§ **Supplied records**
--- --- ---
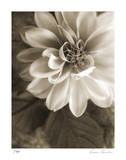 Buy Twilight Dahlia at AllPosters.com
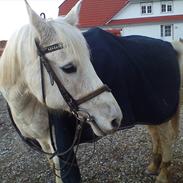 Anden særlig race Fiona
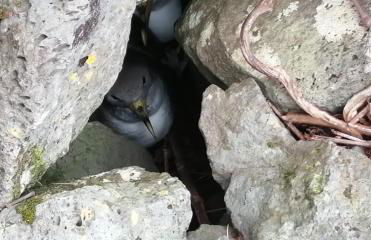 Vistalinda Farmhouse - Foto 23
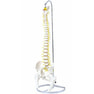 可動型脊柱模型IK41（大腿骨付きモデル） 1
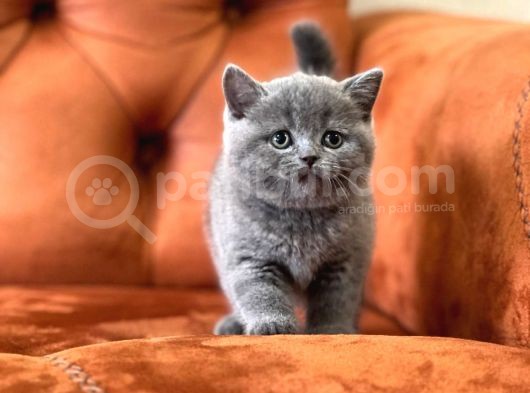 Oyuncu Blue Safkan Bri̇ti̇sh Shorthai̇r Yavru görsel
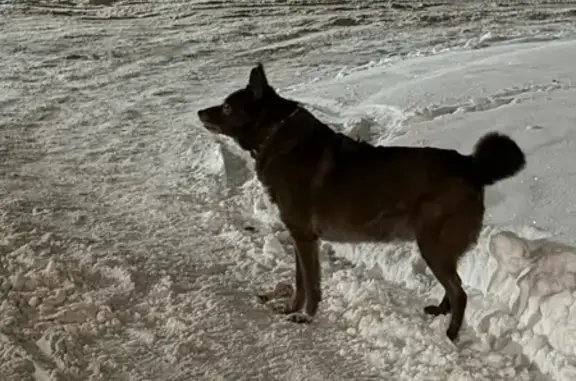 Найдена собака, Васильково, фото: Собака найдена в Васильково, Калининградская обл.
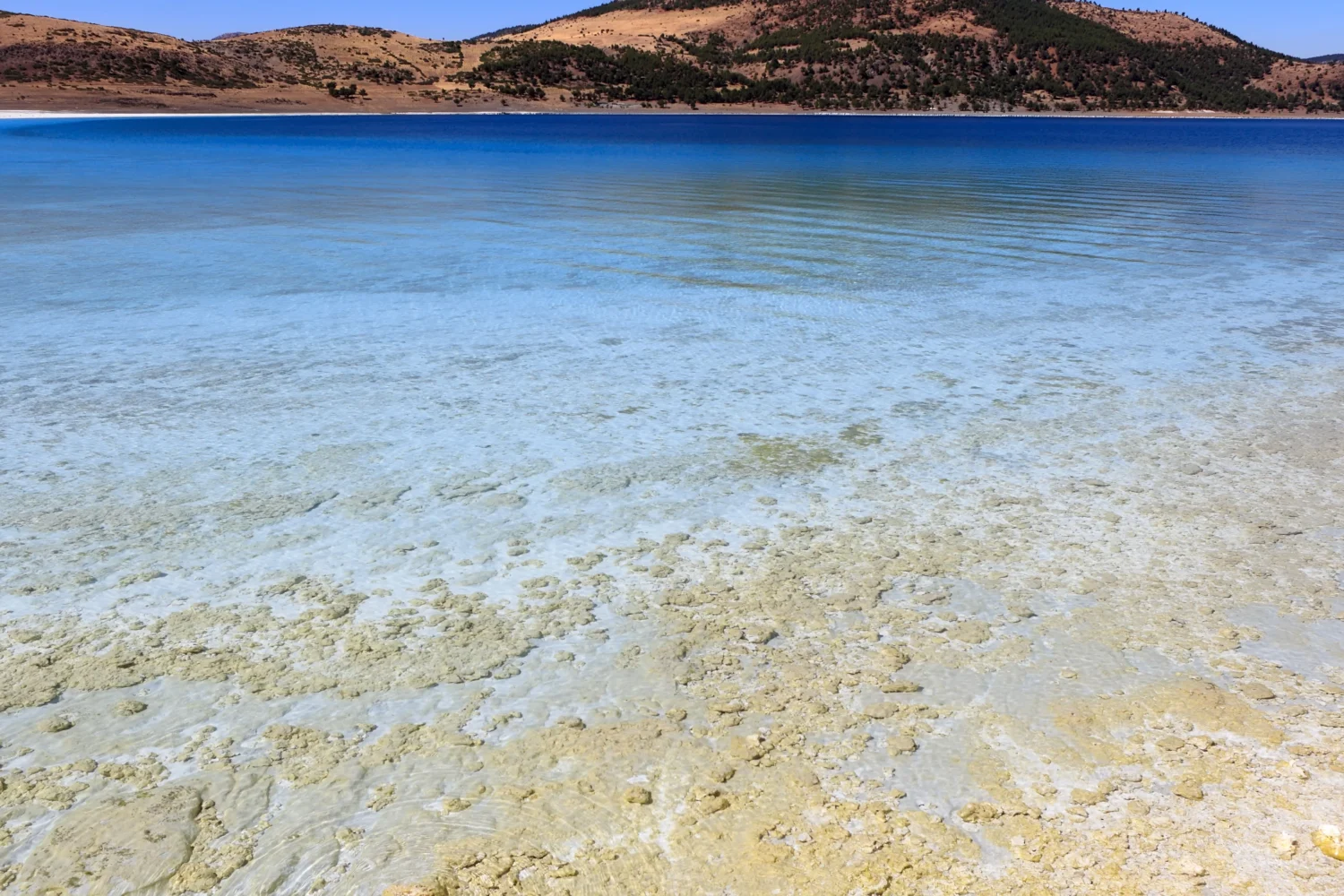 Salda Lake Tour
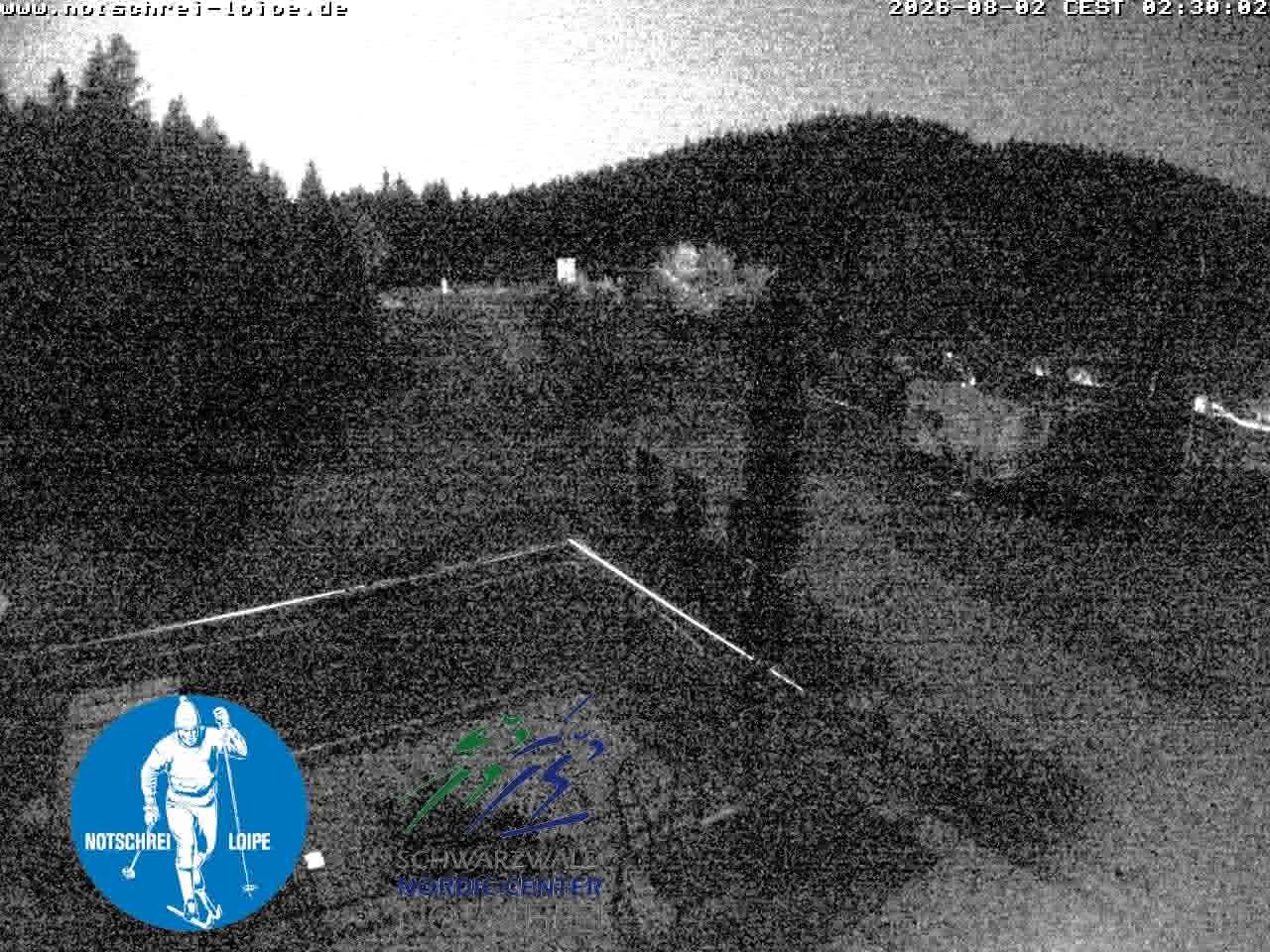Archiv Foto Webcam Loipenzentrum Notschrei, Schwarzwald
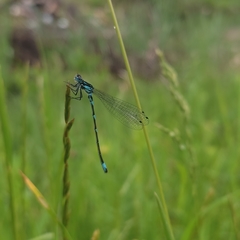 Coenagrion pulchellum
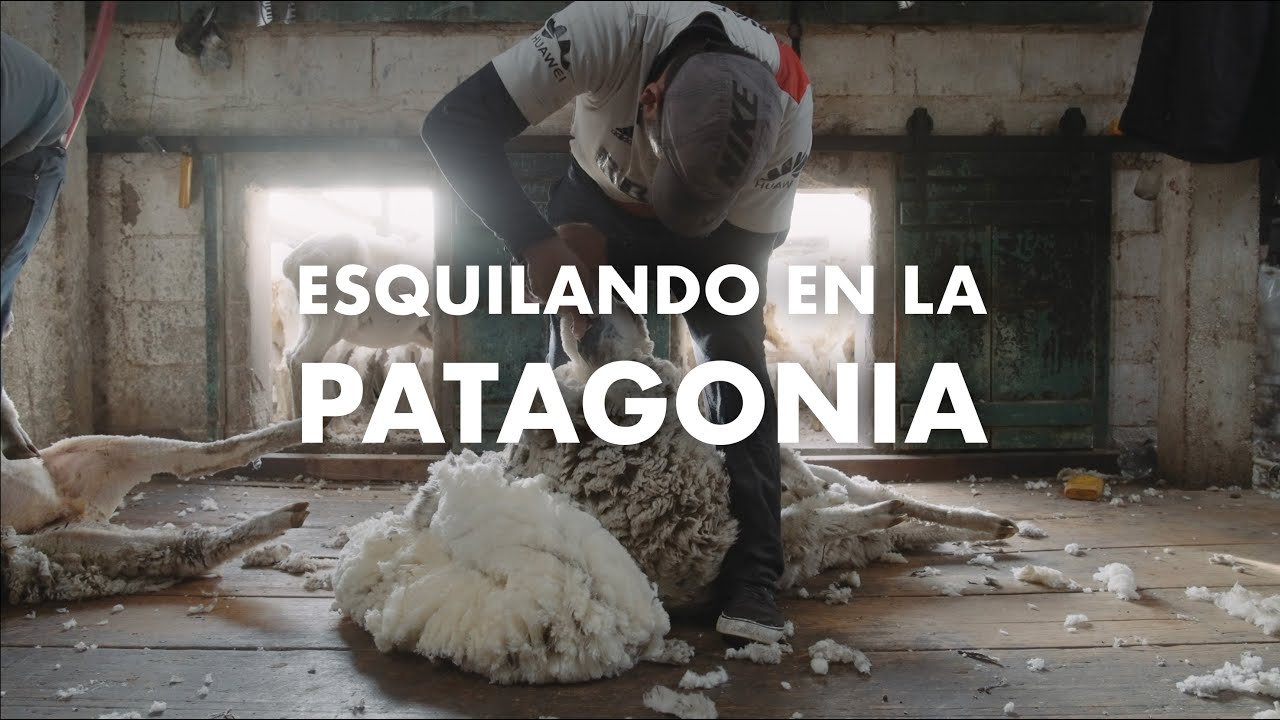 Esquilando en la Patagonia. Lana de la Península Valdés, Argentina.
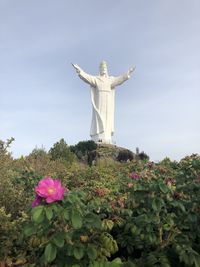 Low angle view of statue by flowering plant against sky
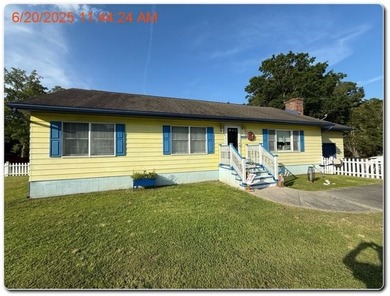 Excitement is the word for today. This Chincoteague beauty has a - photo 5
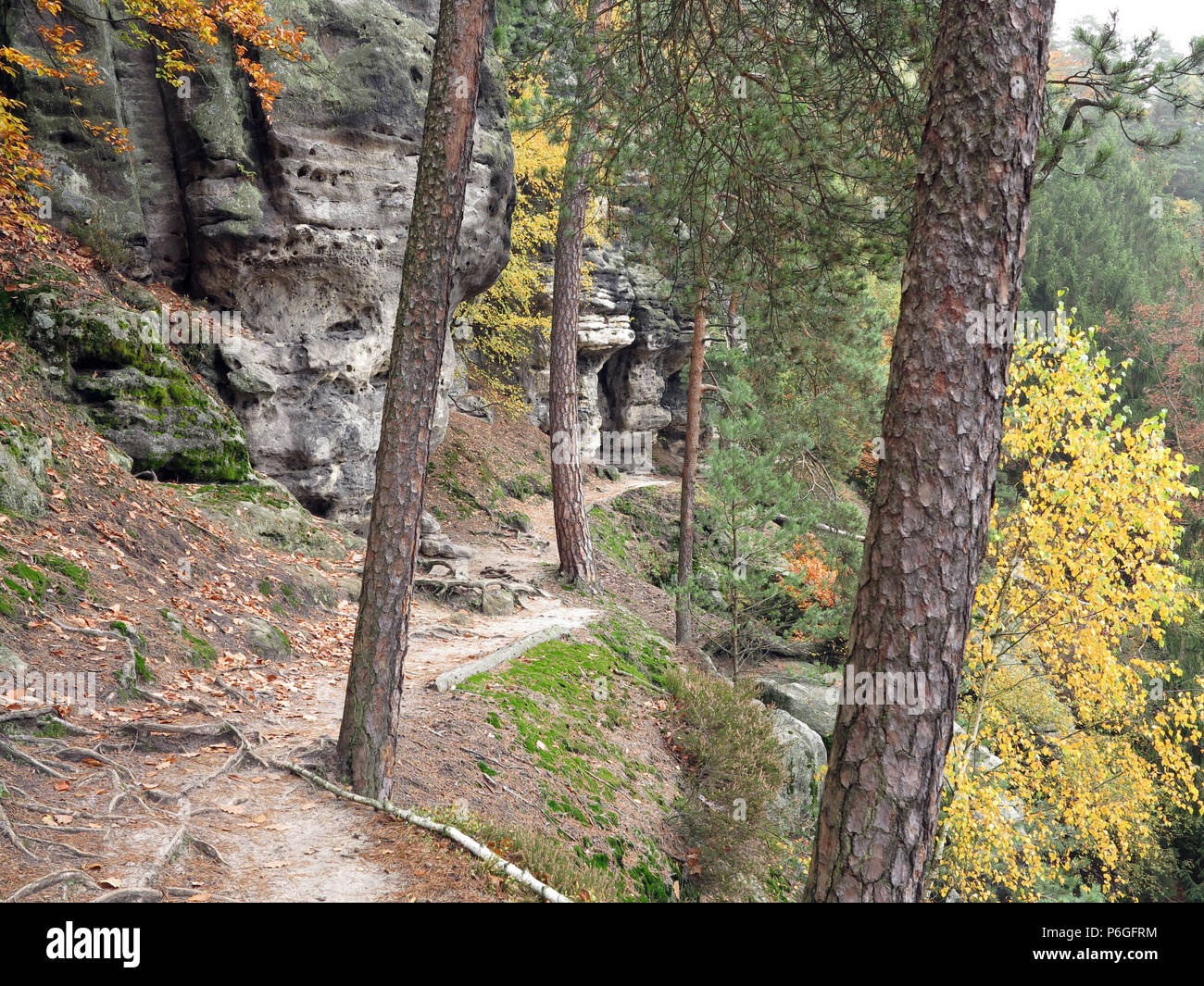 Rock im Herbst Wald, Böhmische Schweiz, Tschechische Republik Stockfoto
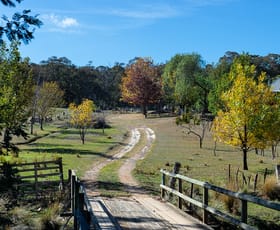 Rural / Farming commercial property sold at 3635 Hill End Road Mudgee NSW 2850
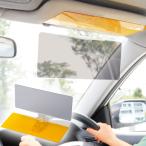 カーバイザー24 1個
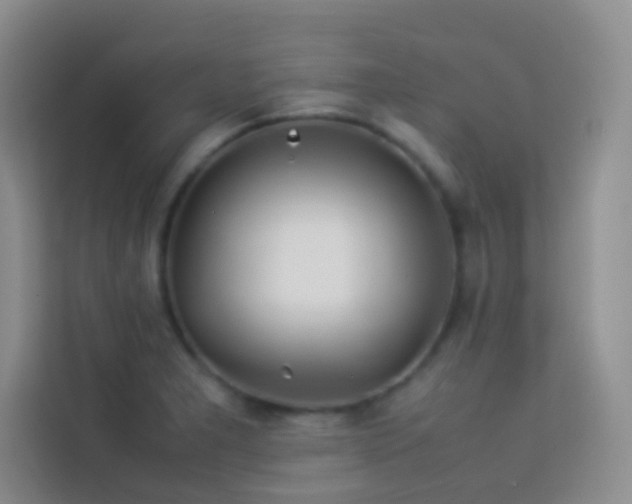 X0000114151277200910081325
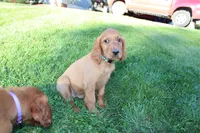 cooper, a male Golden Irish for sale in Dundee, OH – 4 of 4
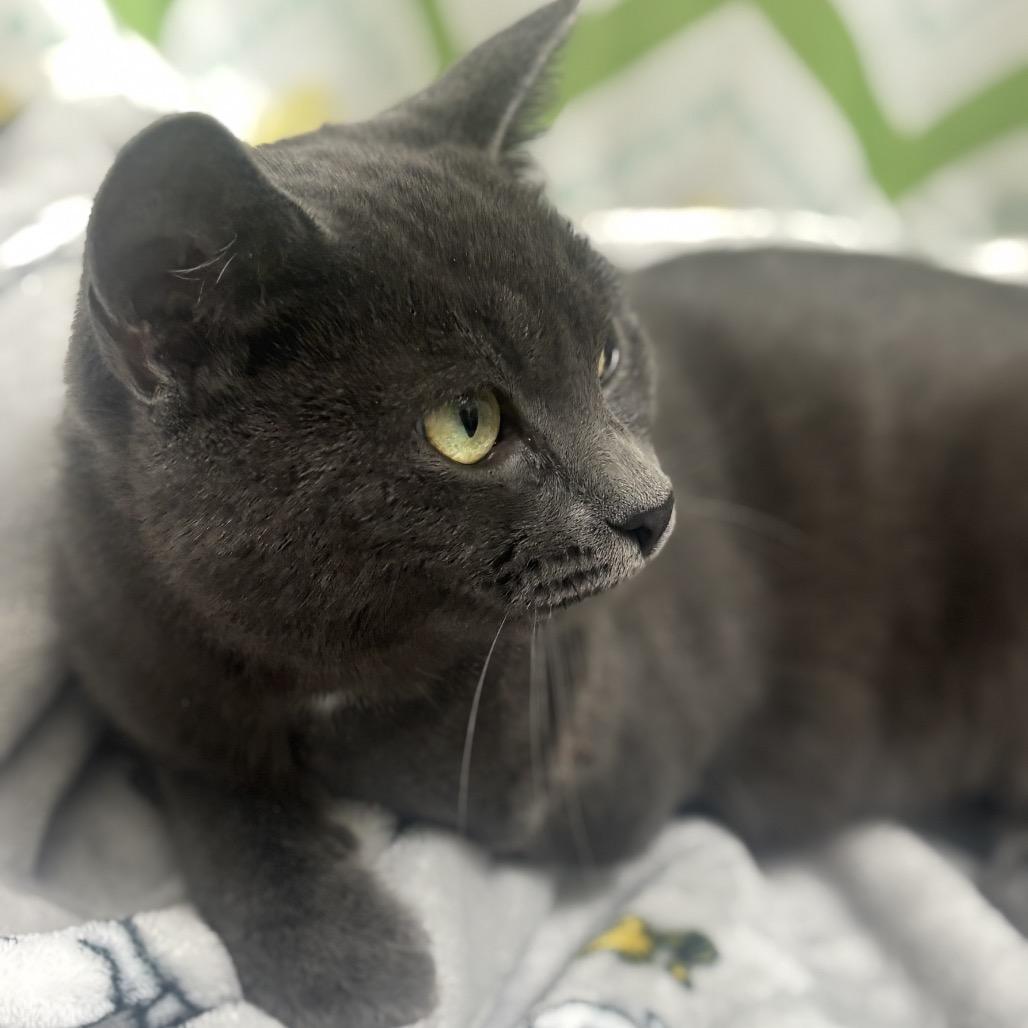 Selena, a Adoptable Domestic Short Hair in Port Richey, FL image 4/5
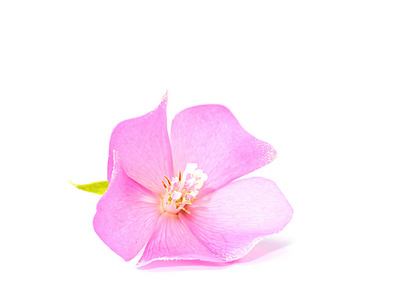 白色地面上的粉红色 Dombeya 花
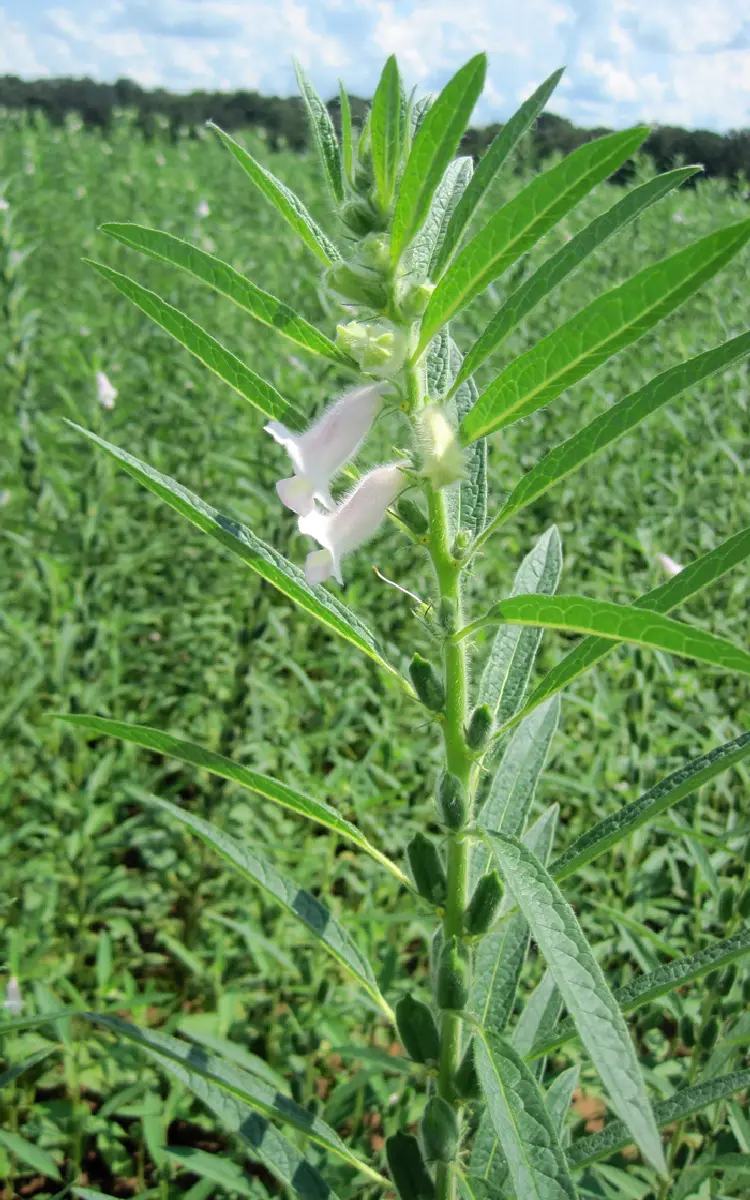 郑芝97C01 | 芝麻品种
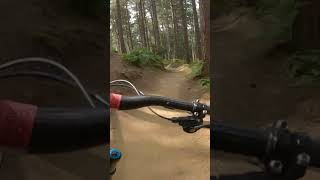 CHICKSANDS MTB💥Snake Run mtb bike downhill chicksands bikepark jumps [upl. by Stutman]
--- --- ---
§ **Required action**
With the pictures left out, return the listing above exactly as it stands.

§ **Written answer**
 Buy Twilight Dahlia at AllPosters.com
 Anden særlig race Fiona
 Vistalinda Farmhouse - Foto 23
 可動型脊柱模型IK41（大腿骨付きモデル） 1
 Oyuncu Blue Safkan Bri̇ti̇sh Shorthai̇r Yavru görsel
 Найдена собака, Васильково, фото: Собака найдена в Васильково, Калининградская обл.
 Salda Lake Tour
Archiv Foto Webcam Loipenzentrum Notschrei, Schwarzwald
 Coenagrion pulchellum
 Esquilando en la Patagonia. Lana de la Península Valdés, Argentina.
 Low angle view of statue by flowering plant against sky
 Excitement is the word for today. This Chincoteague beauty has a - photo 5
 Rock im Herbst Wald, Böhmische Schweiz, Tschechische Republik Stockfoto
 Rural / Farming commercial property sold at 3635 Hill End Road Mudgee NSW 2850
 カーバイザー24 1個
 X0000114151277200910081325
 cooper, a male Golden Irish for sale in Dundee, OH – 4 of 4
 Selena, a Adoptable Domestic Short Hair in Port Richey, FL image 4/5
 白色地面上的粉红色 Dombeya 花
 郑芝97C01 | 芝麻品种
 CHICKSANDS MTB💥Snake Run mtb bike downhill chicksands bikepark jumps [upl. by Stutman]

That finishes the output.